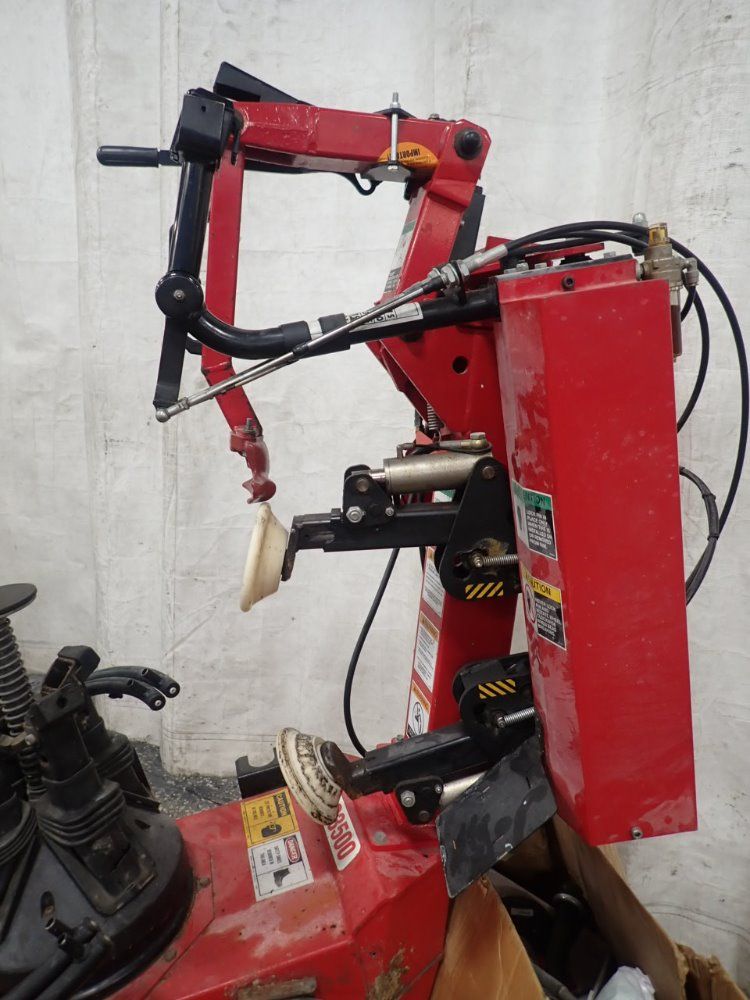 Hunter Engineering Tire Changer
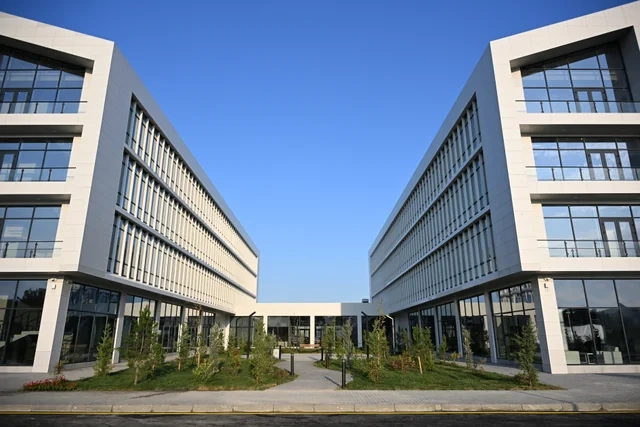 Prezident İlham Əliyev "SABAH.city" innovasiya şəhərciyinin birinci mərhələsinin açılışında iştirak edib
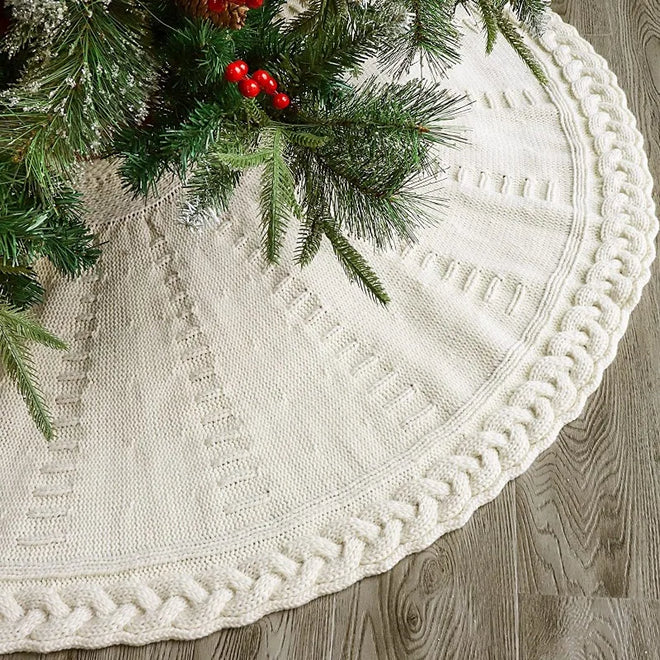 Red or White Knitted Christmas Tree Skirt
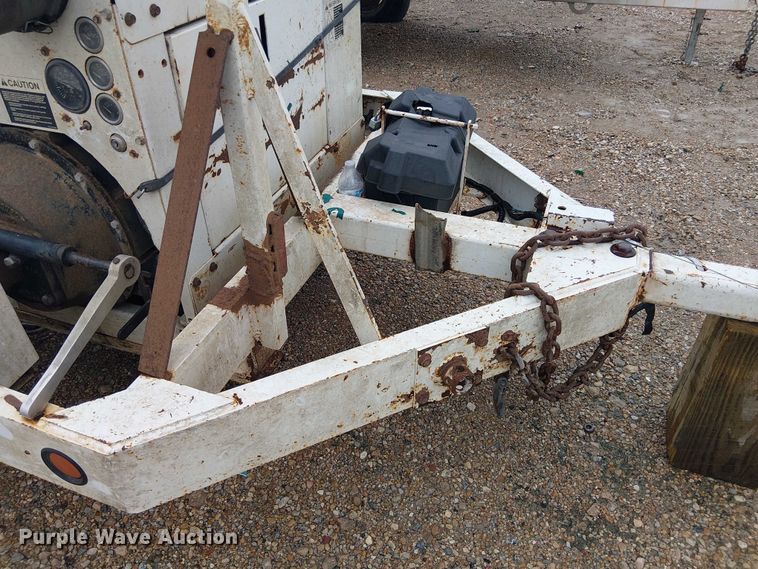 image for item YA2817 2005 Woodchuck WC12A wood chipper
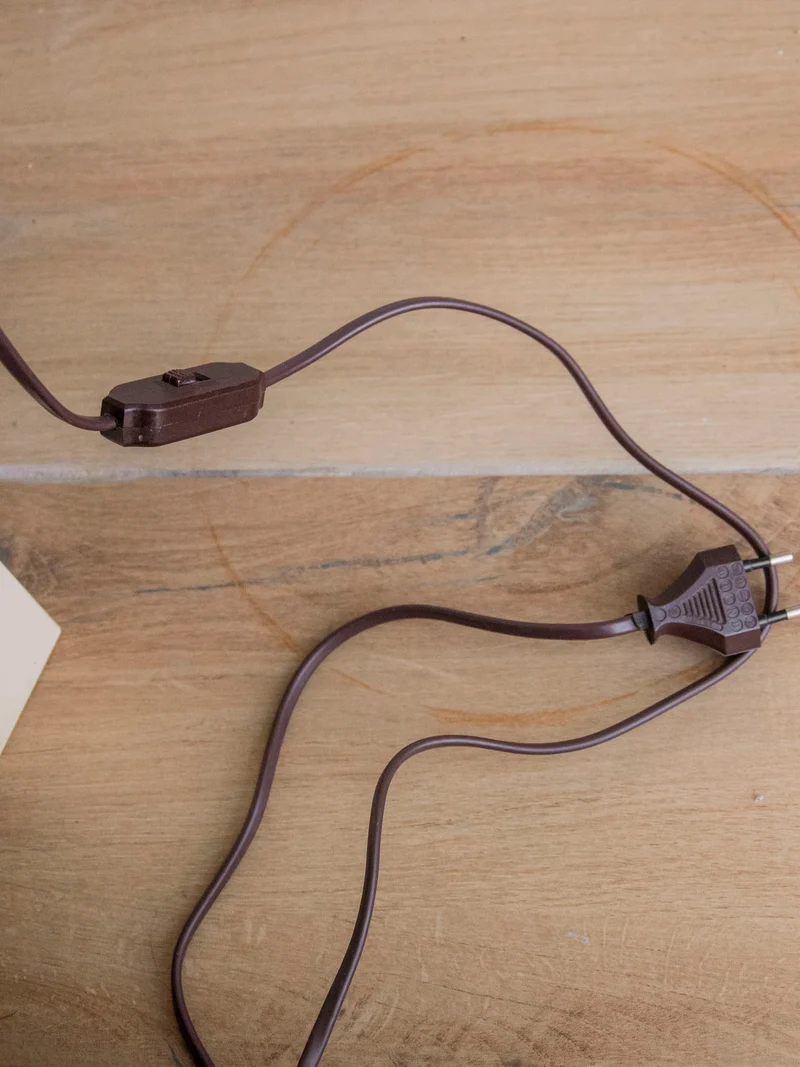 Colette, la lampe en laine et bois tourné N°459
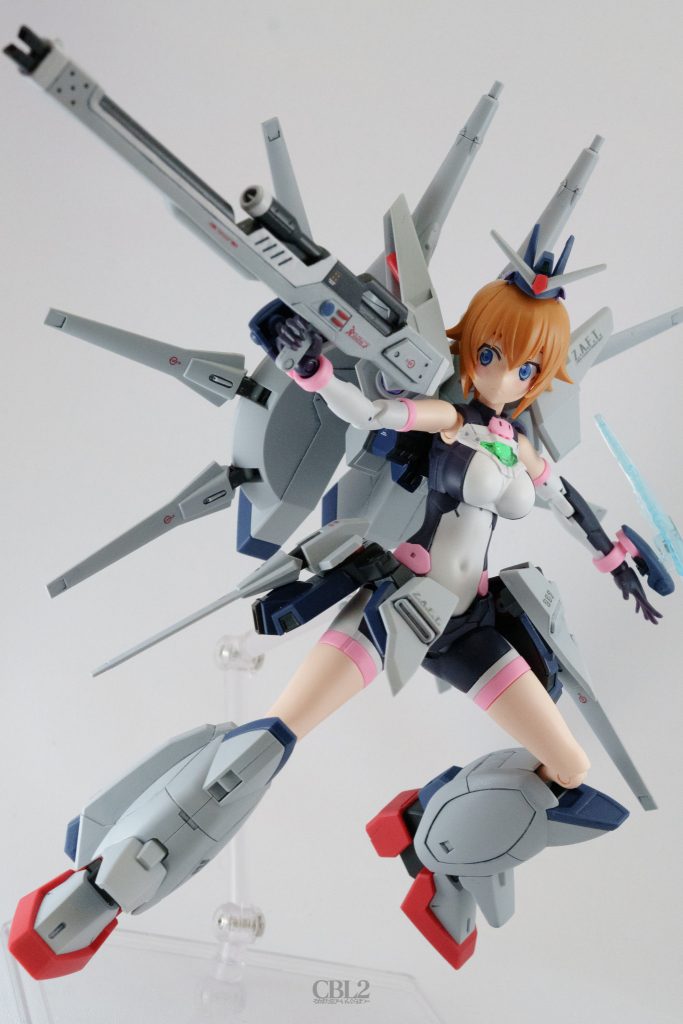 SEED撃ちもちゃんとできます。ビームライフルが大きいのでちょっとバランス大変ですけど。こうして見ると、そこそこ見栄え良く仕上げられたなあと我ながら成長を実感します。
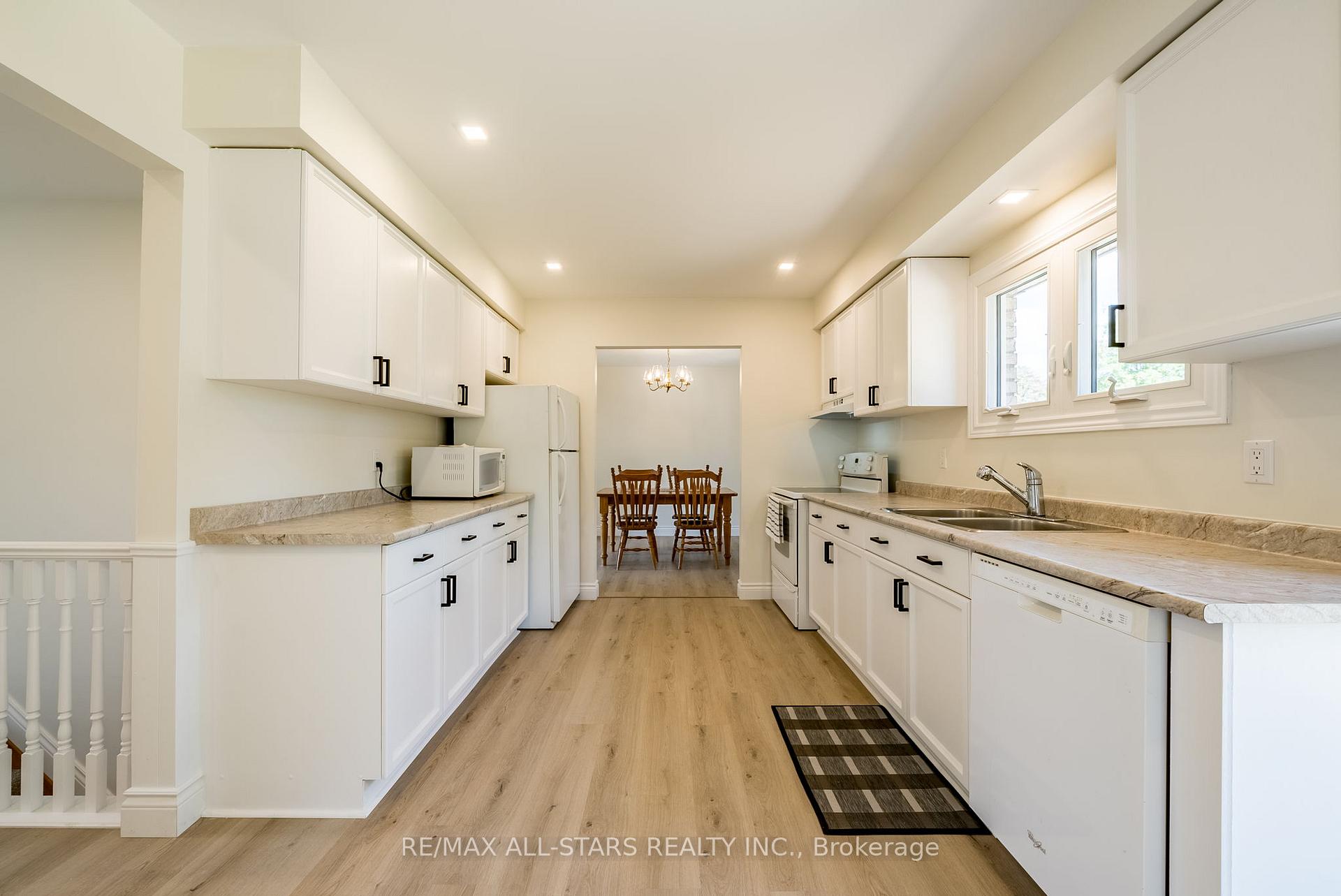 Photo 11 of 14 Kirton Court, Uxbridge — HOMEH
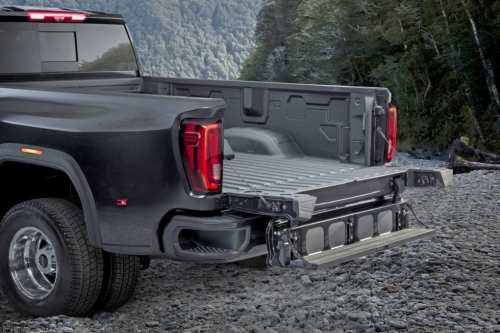 Новый GMC Sierra HD: 15 камер и «прозрачный» прицеп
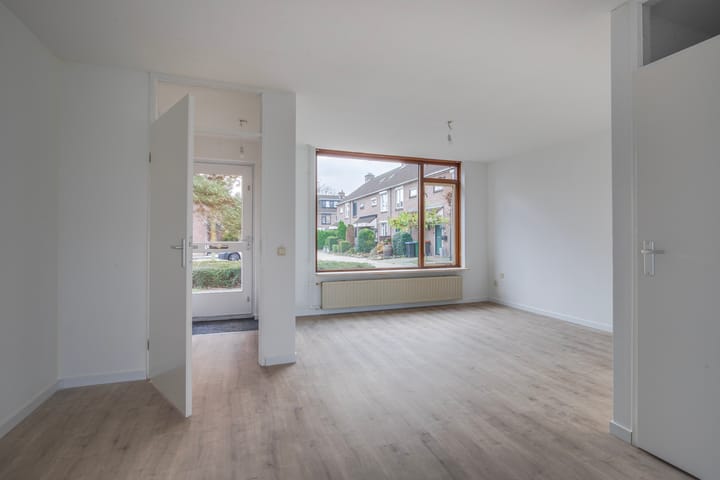 Photo 13 of Schepen van Hemerthstraat 46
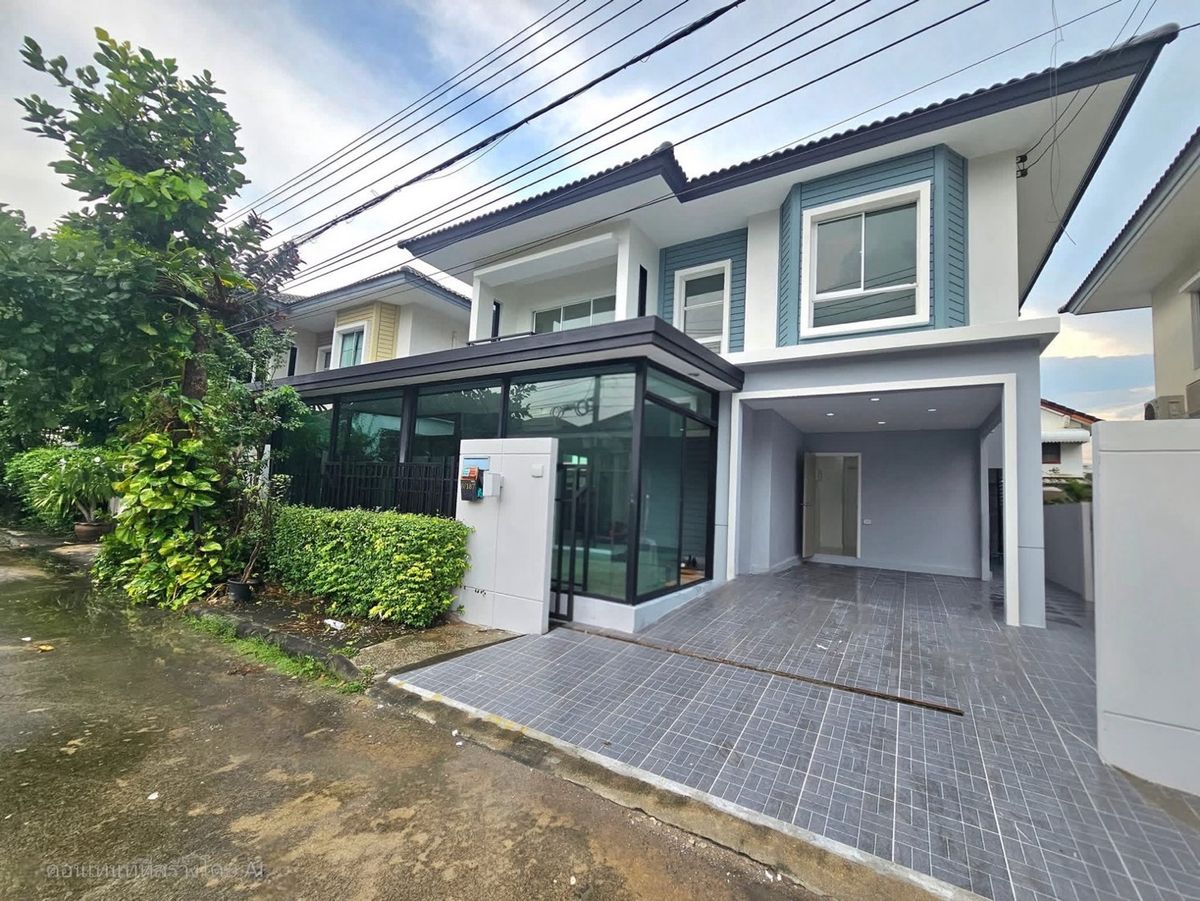 For SaleHouseVipawadee, Don Mueang, Lak Si : Large semi-detached house, fully renovated, near Don Mueang Airport, main road!!!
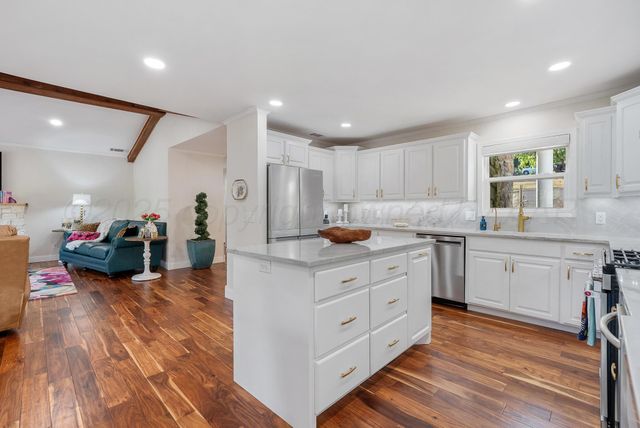 110 CAPROCK Lane, Amarillo, TX 79118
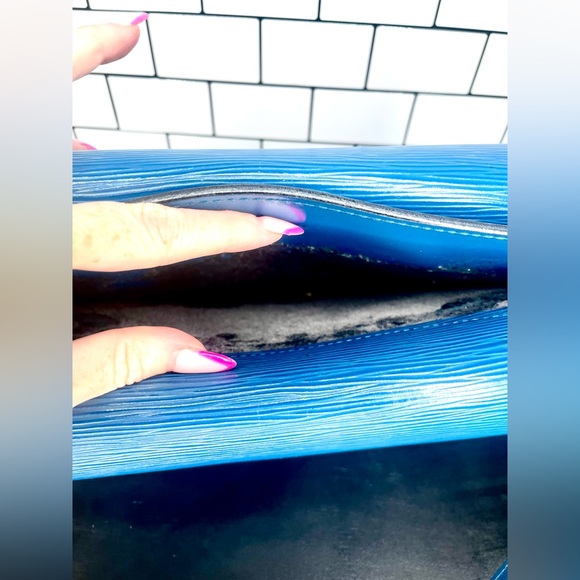 Authentic Vintage LOUIS VUITTON Epi Grenelle Toledo - Picture 13 of 14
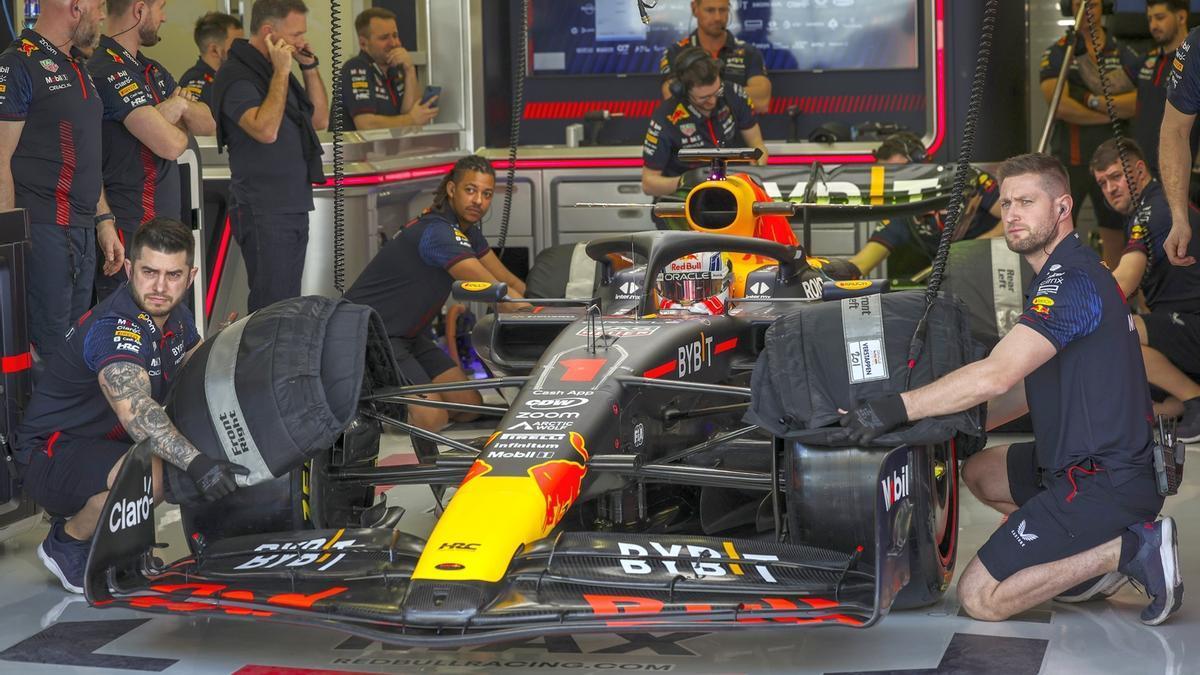 Los mecánicos de Red Bull preparan el monoplaza de Max Verstappen para salir a pista.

------------------------------------

**Activity**
Would you copy, exactly, each line from the start of the listing above through the line with "Authentic Vintage LOUIS", both ends included, but none of the pictures?

**Worked solution**
 Hunter Engineering Tire Changer
 Prezident İlham Əliyev "SABAH.city" innovasiya şəhərciyinin birinci mərhələsinin açılışında iştirak edib
 Red or White Knitted Christmas Tree Skirt
 image for item YA2817 2005 Woodchuck WC12A wood chipper
 Colette, la lampe en laine et bois tourné N°459
 SEED撃ちもちゃんとできます。ビームライフルが大きいのでちょっとバランス大変ですけど。こうして見ると、そこそこ見栄え良く仕上げられたなあと我ながら成長を実感します。
 Photo 11 of 14 Kirton Court, Uxbridge — HOMEH
 Новый GMC Sierra HD: 15 камер и «прозрачный» прицеп
 Photo 13 of Schepen van Hemerthstraat 46
 For SaleHouseVipawadee, Don Mueang, Lak Si : Large semi-detached house, fully renovated, near Don Mueang Airport, main road!!!
 110 CAPROCK Lane, Amarillo, TX 79118
 Authentic Vintage LOUIS VUITTON Epi Grenelle Toledo - Picture 13 of 14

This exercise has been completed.